Photographer Ivette Ivens’ gorgeous new series puts the bonds between kids and grandparents on display.
For her new photos series titled “Generations,” Ivens took photos of her sons, 5-year-old Kevin and 2-year-old Dilan, with her parents, Romualdas and Jadvyga. The Lithuanian-born photographer moved to the United States and splits her time between Hawaii and Chicago with her family. Her parents, who still live in Lithuania, usually come to the United States to see their grandkids just once a year.
Ivens said that when her parents come to stay, her kids get “so excited” they forget she and her husband even exist. It’s OK though, since it gives her time to capture some candid moments.
“The photos are not staged, and the moments reflected in them are so pure and candid,” she told The Huffington Post. “Children and grandparents don’t try to pose, they don’t care what they are wearing, they don’t try to show off their best features. Sometimes when I shoot parents and their children, the mom will go get her hair and makeup done, have her outfits planned and so on. The photos are still beautiful, but they are not a reflection of a candid moment in life.”
The “Generation” series includes photos taken over a span of three months. Ivens, who is currently working on the second edition of her popular Breastfeeding Goddesses book of photos, told HuffPost she loves that her parents get to see her kids in their own environment, and that she can tell how much they influence her family.
“I think like any grandparent/grandchild relationship, the children are fascinated by the different games they play and they love listening to their stories,” she said.

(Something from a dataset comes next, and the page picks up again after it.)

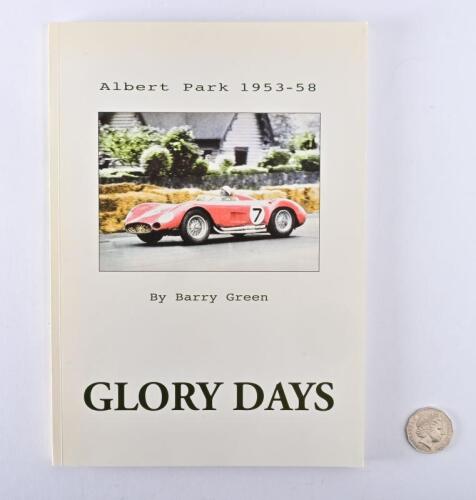 AUSTRALIAN GRAND PRIX/ALBERT PARK:A square bound soft back book, "Glory Days: Albert Park 1953 - 58", signed by author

Ivens said her favorite photo from the series is the one she took as her children slept in bed with their grandparents.
“It was such a sincere and quiet moment. I’m so happy I had my camera with me,” she said.
Though the kids don’t get to see their grandparents often, Ivens is thankful for their time together. She especially appreciates all the things her parents pass on to her sons.
“My parents teach my children things they could never learn from any book, and even though they are so young, somehow I think the boys intuitively understand that,” she said.